How to match any character which repeats n
times?
Example:
for input: abcdbcdcdd
for n=1: ..........
for n=2: .........
for n=3: .. .....
for n=4: . . ..
for n=5: no matches
After several hours my best is this expression
(\w)(?=(?:.*\1){n-1,}) //where n is variable
which uses lookahead. However the problem with this expression is this:
for input: abcdbcdcdd
for n=1 ..........
for n=2 ... .. .
for n=3 .. .
for n=4 .
for n=5 no matches
As you can see, when lookahead matches for a character, let's look for n=4
line, d
's lookahead assertion satisfied and first d
matched by regex. But remaining d
's are not matched because they don't have 3 more d
's ahead of them.
I hope I stated the problem clearly. Hoping for your solutions, thanks in advance.

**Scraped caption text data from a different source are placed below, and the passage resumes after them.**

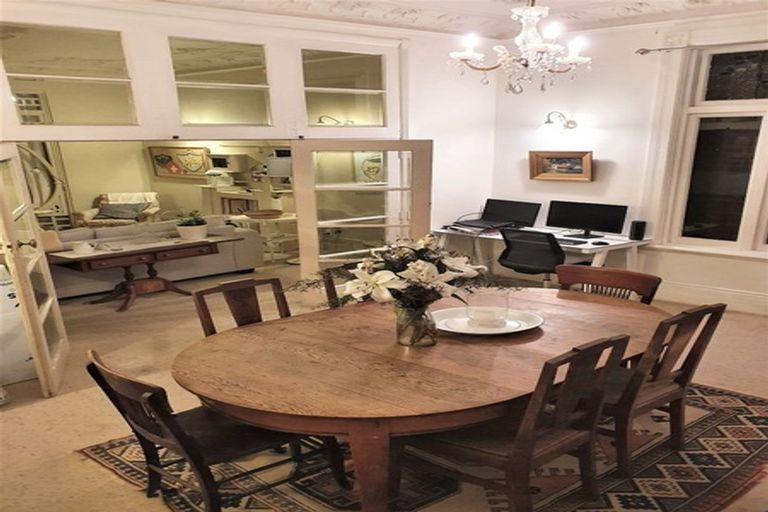 Photo of property in 294 Oriental Parade, Oriental Bay, Wellington, 6011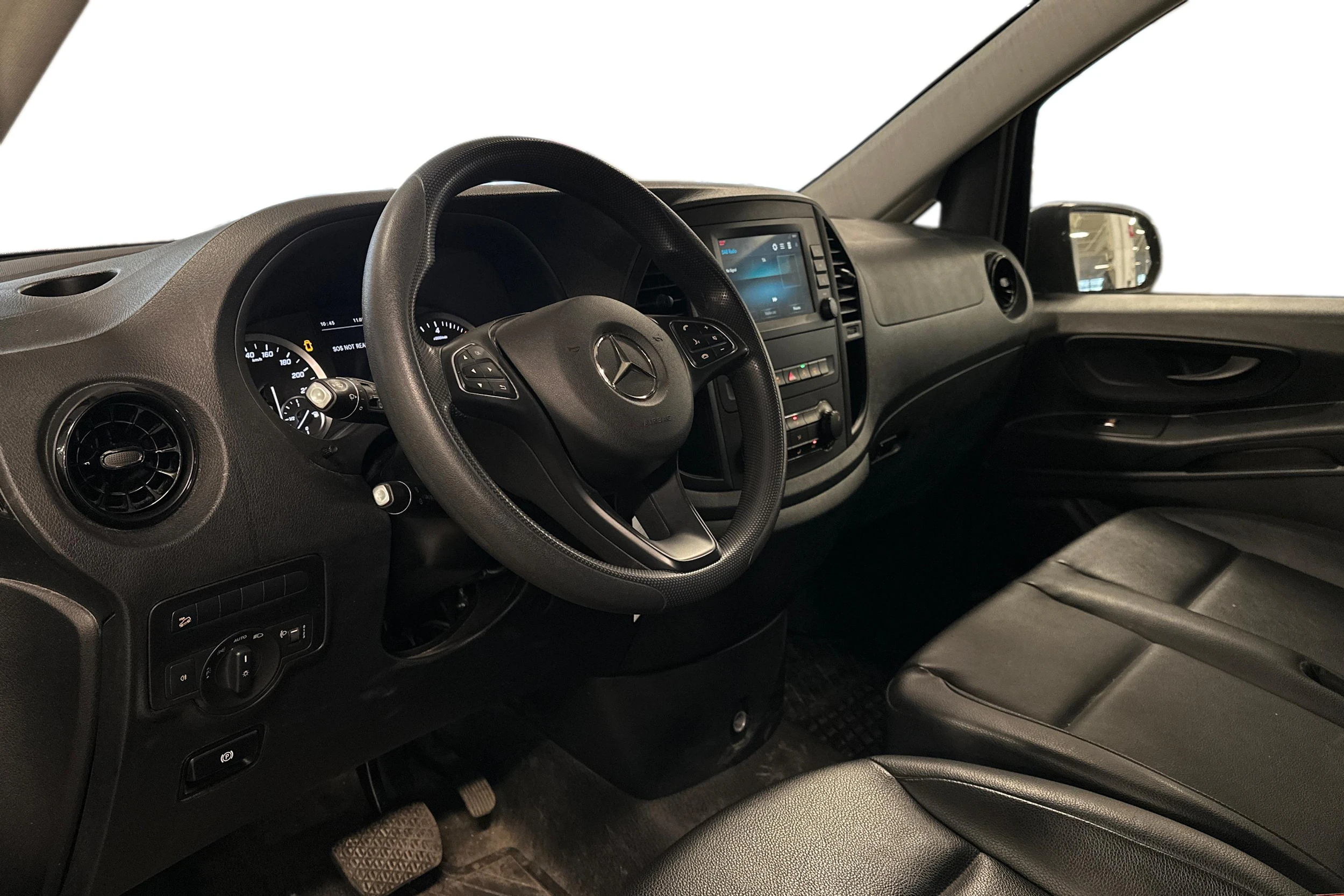 musta Mercedes-Benz Vito 2022 kuva 3.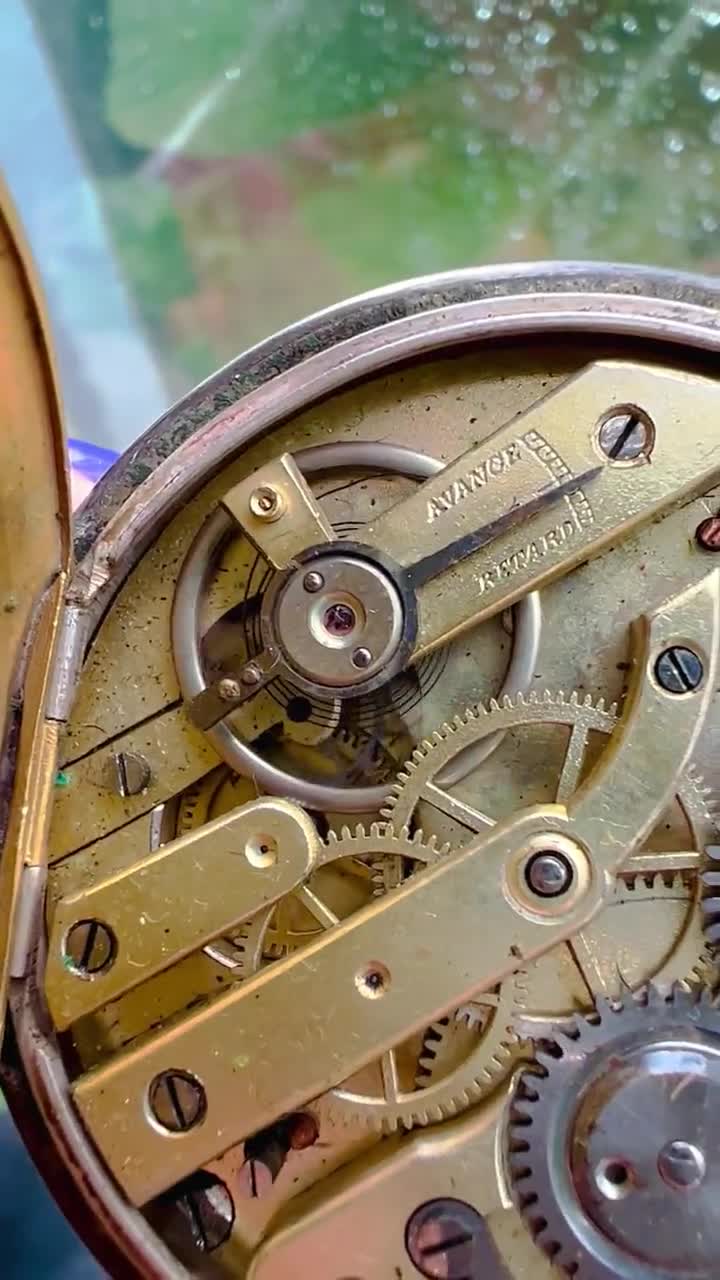 Reloj de bolsillo plateado - Antiguedades El Apaño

let's look for n=4 line, d's lookahead assertion satisfied and first d matched by regex. But remaining d's are not matched because they don't have 3 more d's ahead of them.
And obviously, without regex, this is a very simple string manipulation problem. I'm trying to do this with and only with regex.
As with any regex implementation, the answer depends on the regex flavour. You could create a solution with .net regex engine, because it allows variable width lookbehinds.
Also, I'll provide a more generalized solution below for perl-compatible/like regex flavours.
.net Solution
As @PetSerAl pointed out in his answer, with variable width lookbehinds, we can assert back to the beggining of the string, and check there are n occurrences.
ideone demo
regex module in Python
You can implement this solution in python, using the regex module
by Matthew Barnett, which also allows variable-width lookbehinds.
>>> import regex
>>> regex.findall( r'(\w)(?<=(?=(?>.*?\1){2})\A.*)', 'abcdbcdcdd')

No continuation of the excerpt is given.